No se niega que la responsabilidad es de cada persona. Ya al profeta se le dice que amoneste al pecador: «si no cambia de conducta, él morirá por su culpa». Pero los hermanos deben asumir su parte de responsabilidad en la suerte de cada uno. Un centinela tiene que avisar. Un esposo o una esposa deben ayudar a su cónyuge a corregirse de sus defectos. Un padre no siempre tiene que callar respecto a la conducta y las costumbres que va adquiriendo su hijo. Ni el maestro o el educador permitirlo todo en sus alumnos. Ni un amigo desentenderse cuando ve que su amigo va por mal camino. Ni un obispo dejar de ejercer su guía pastoral en la diócesis.
La comunidad cristiana no es perfecta. Coexisten en ella, como en cada uno de nosotros, el bien y el mal. Pero, como todos formamos parte de esa comunidad, todos somos un poco corresponsables en ella: de un modo particular los que tienen la misión de la autoridad, pero también todos los demás.
Eso pasa dentro de la Iglesia. Son impresionantes al respecto las siete cartas del ángel a las siete iglesias del Apocalipsis, en las que con las alabanzas y ánimos, se mezclan también palabras muy expresivas de corrección y acusación.

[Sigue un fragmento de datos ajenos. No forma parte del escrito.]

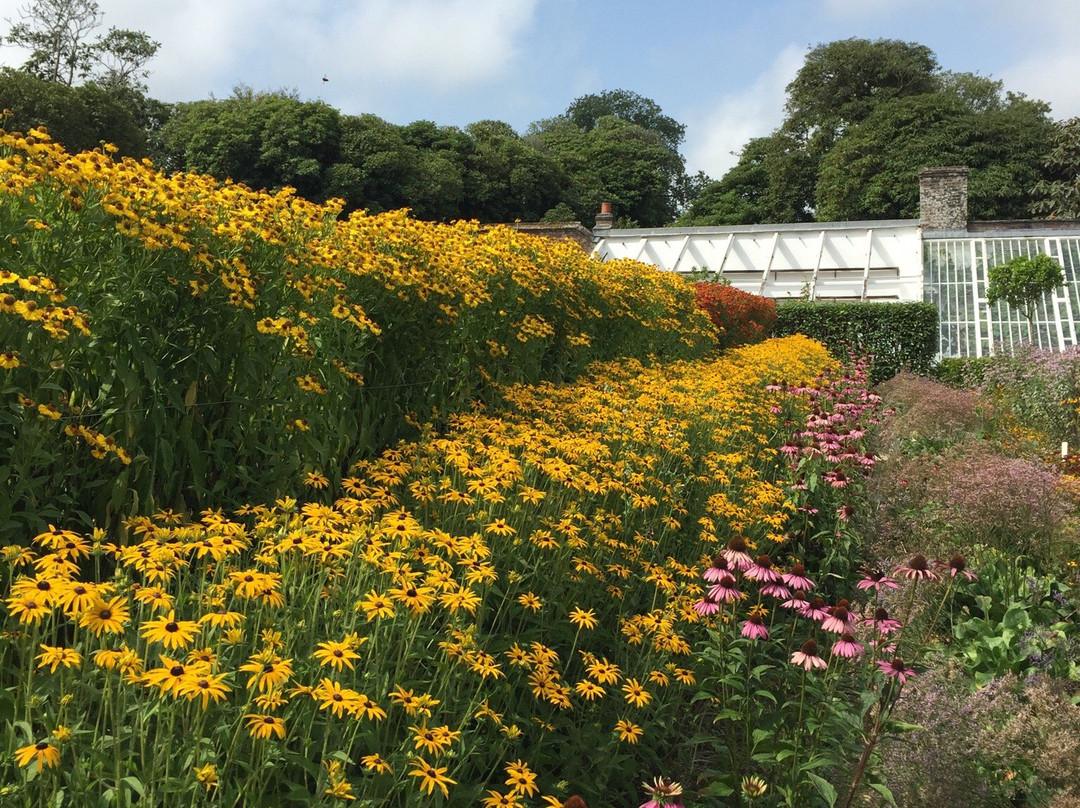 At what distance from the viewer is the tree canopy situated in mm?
30172

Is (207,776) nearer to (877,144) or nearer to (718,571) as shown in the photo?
(718,571)

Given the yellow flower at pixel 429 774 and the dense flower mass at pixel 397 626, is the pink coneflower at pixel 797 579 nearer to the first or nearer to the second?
the dense flower mass at pixel 397 626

Pero también pasa a un cristiano en su relación con la sociedad. Tanto los responsables de la comunidad como los simples fieles, tienen el deber de llamar la atención en contra de la corrupción de las poderosos o de las injusticias que se cometen contra los débiles o de las desviaciones graves que afectan a los derechos humanos o los de la comunidad eclesial o de los episodios graves de racismo o genocidio…
Dios quiere la salvación de todos. Jesús se entregó por todos, y dijo que no había venido a salvar a los justos, sino a los pecadores, como el médico no está para los sanos, sino precisamente para los enfermos. Así nosotros, los seguidores de Jesús, debemos querer la salvación de todos y no podemos desentendernos del hermano, también cuando le vemos tentado o frágil y en peligro de caer. Se nos pide, no sólo que no hagamos el mal, sino que nos esforcemos en hacer positivamente el bien. Además de los pecados depensamiento y de obra, existen también, como recordamos en la oración del «yo confieso», los pecados «de omisión».
La corrección fraterna bien hecha no sólo aporta beneficios al hermano -aunque de momento tal vez reaccione con disgusto- sino también al que la realiza: «has ganado a un hermano». Es interesante cómo termina Santiago su carta: «Si alguno de vosotros se desvía de la verdad y otro le convierte, sepa que el que convierte a un pecador de su camino desviado, salvará su alma de la muerte y cubrirá multitud de pecados».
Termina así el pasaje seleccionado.